• [Activity]
Every record below should be repeated exactly, with the pictures left out.

• [Records for the exercise]

-=-=-

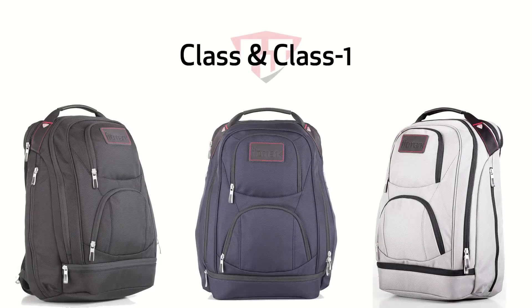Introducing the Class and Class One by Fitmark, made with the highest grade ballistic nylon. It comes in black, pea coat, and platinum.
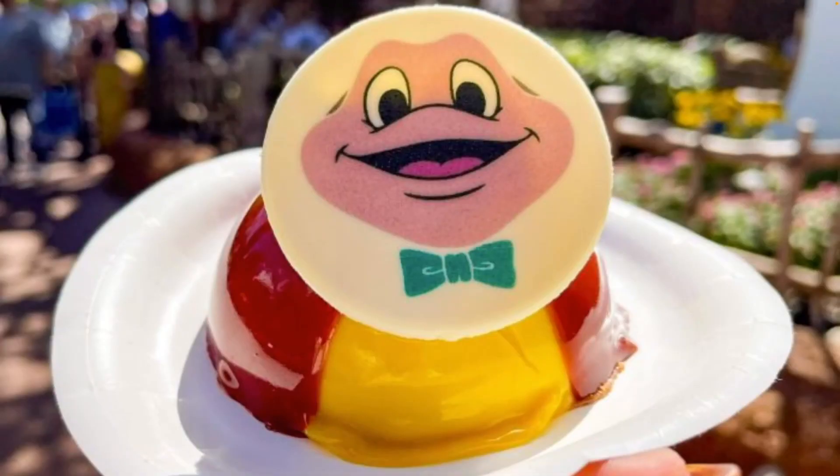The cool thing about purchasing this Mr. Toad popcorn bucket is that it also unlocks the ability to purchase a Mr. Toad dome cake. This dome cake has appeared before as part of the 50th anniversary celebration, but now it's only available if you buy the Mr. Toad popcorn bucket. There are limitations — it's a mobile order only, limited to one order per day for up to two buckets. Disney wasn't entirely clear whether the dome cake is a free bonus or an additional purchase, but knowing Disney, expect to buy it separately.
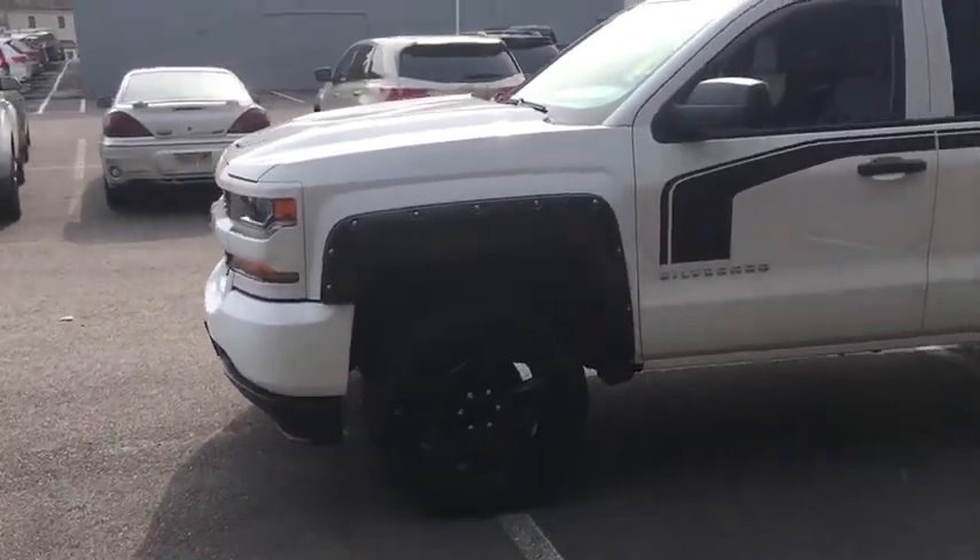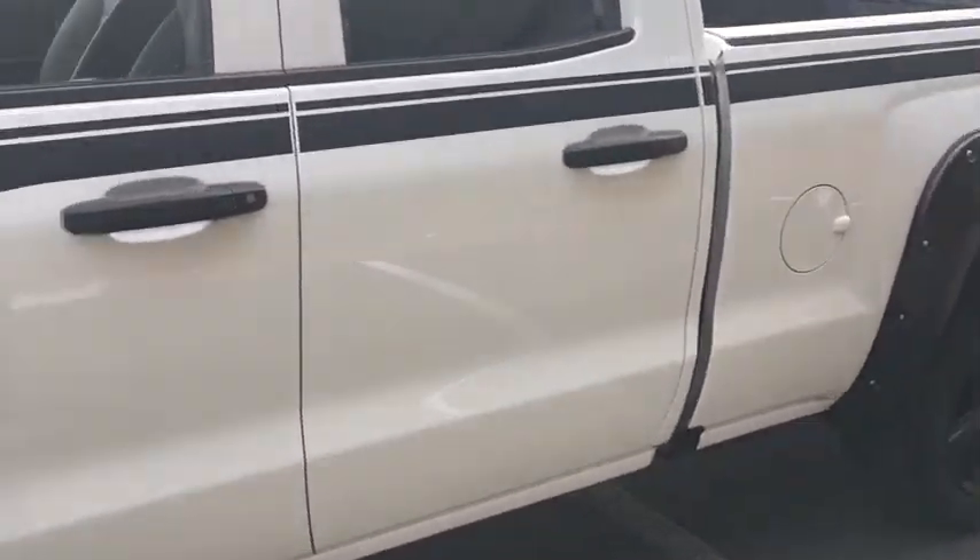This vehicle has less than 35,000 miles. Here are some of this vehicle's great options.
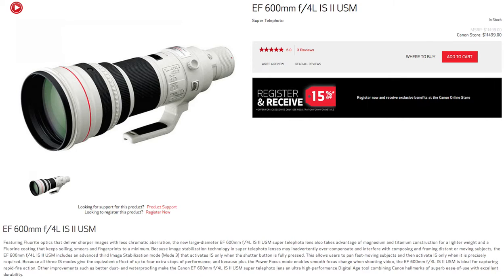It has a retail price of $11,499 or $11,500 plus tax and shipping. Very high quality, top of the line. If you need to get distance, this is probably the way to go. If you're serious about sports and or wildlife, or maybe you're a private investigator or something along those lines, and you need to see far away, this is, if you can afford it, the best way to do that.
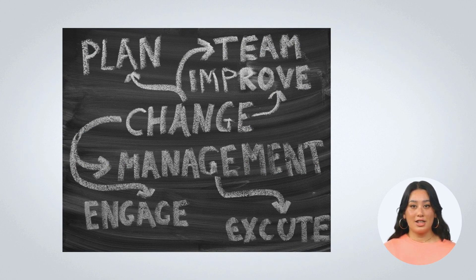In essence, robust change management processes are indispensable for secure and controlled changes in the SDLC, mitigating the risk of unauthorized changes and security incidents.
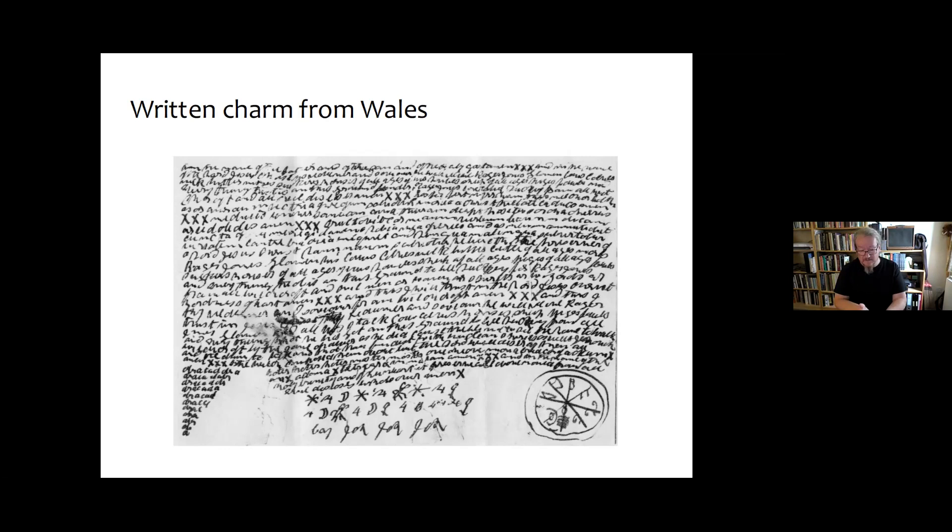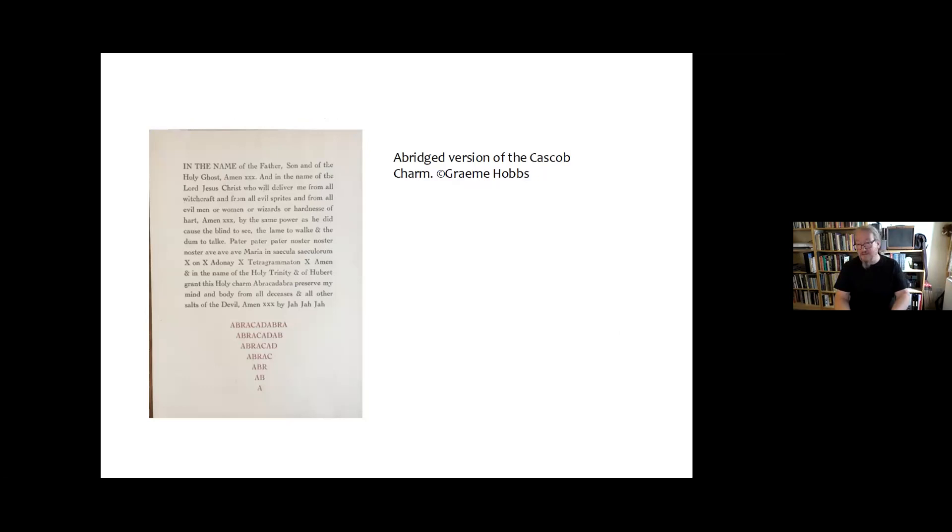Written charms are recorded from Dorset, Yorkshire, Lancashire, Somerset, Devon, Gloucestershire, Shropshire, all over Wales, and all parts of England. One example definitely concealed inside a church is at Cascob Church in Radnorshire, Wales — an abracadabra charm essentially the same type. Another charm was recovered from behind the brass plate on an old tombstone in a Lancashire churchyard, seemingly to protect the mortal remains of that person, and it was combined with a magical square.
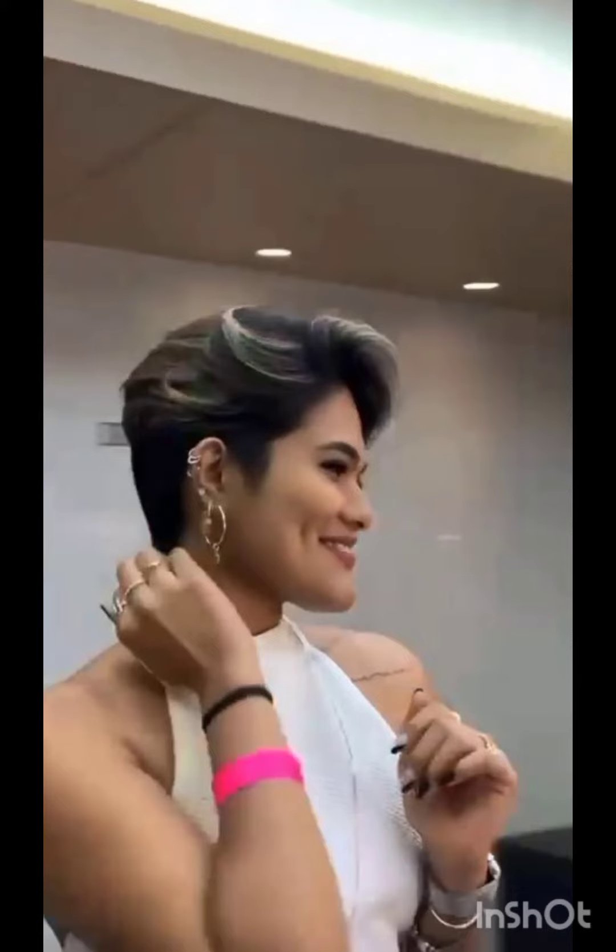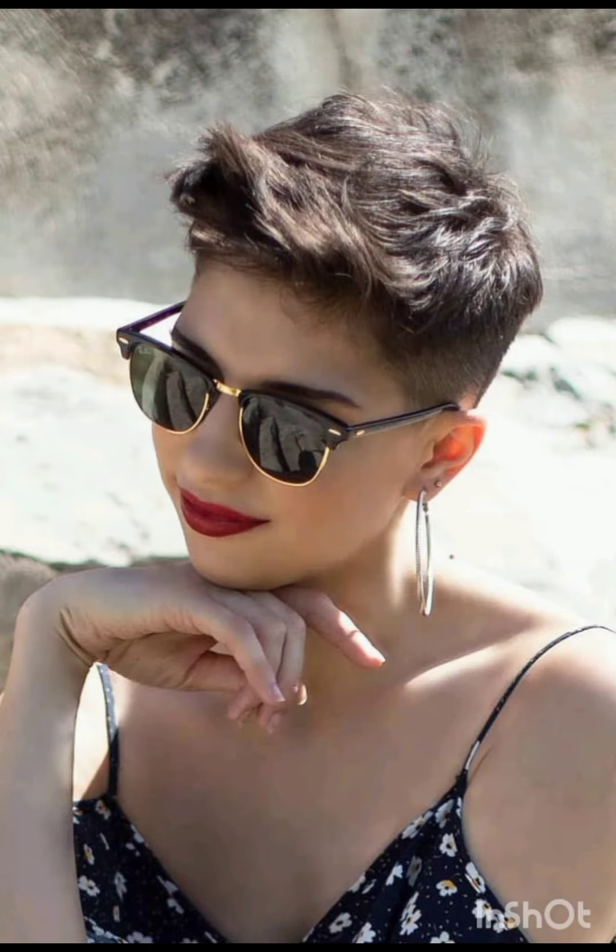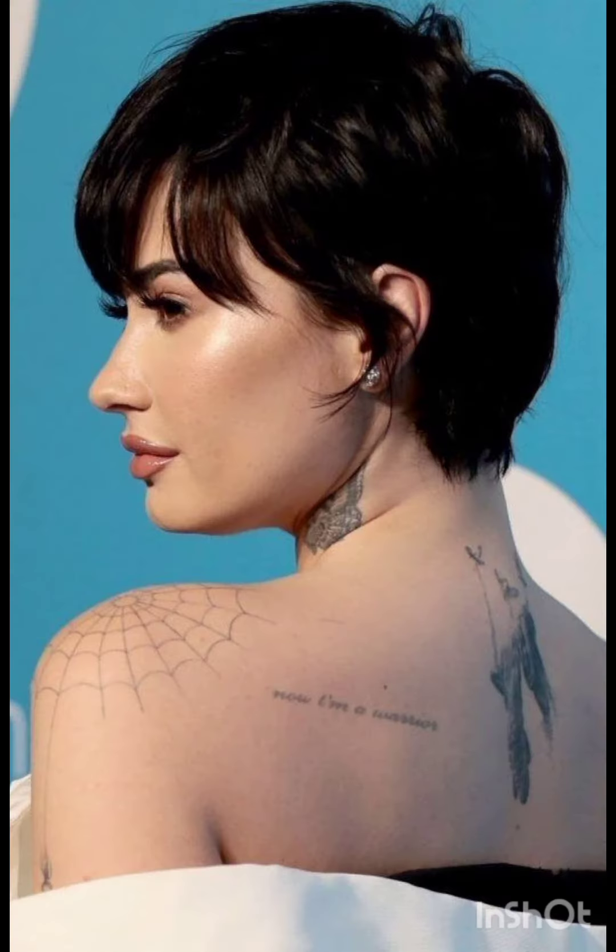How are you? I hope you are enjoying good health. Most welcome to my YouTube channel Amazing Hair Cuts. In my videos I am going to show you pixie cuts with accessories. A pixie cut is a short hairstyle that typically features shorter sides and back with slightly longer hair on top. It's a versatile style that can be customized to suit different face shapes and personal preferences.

-=-=-

• [Task answer]
Introducing the Class and Class One by Fitmark, made with the highest grade ballistic nylon. It comes in black, pea coat, and platinum.
The cool thing about purchasing this Mr. Toad popcorn bucket is that it also unlocks the ability to purchase a Mr. Toad dome cake. This dome cake has appeared before as part of the 50th anniversary celebration, but now it's only available if you buy the Mr. Toad popcorn bucket. There are limitations — it's a mobile order only, limited to one order per day for up to two buckets. Disney wasn't entirely clear whether the dome cake is a free bonus or an additional purchase, but knowing Disney, expect to buy it separately.
This vehicle has less than 35,000 miles. Here are some of this vehicle's great options.
It has a retail price of $11,499 or $11,500 plus tax and shipping. Very high quality, top of the line. If you need to get distance, this is probably the way to go. If you're serious about sports and or wildlife, or maybe you're a private investigator or something along those lines, and you need to see far away, this is, if you can afford it, the best way to do that.
In essence, robust change management processes are indispensable for secure and controlled changes in the SDLC, mitigating the risk of unauthorized changes and security incidents.
Written charms are recorded from Dorset, Yorkshire, Lancashire, Somerset, Devon, Gloucestershire, Shropshire, all over Wales, and all parts of England. One example definitely concealed inside a church is at Cascob Church in Radnorshire, Wales — an abracadabra charm essentially the same type. Another charm was recovered from behind the brass plate on an old tombstone in a Lancashire churchyard, seemingly to protect the mortal remains of that person, and it was combined with a magical square.
How are you? I hope you are enjoying good health. Most welcome to my YouTube channel Amazing Hair Cuts. In my videos I am going to show you pixie cuts with accessories. A pixie cut is a short hairstyle that typically features shorter sides and back with slightly longer hair on top. It's a versatile style that can be customized to suit different face shapes and personal preferences.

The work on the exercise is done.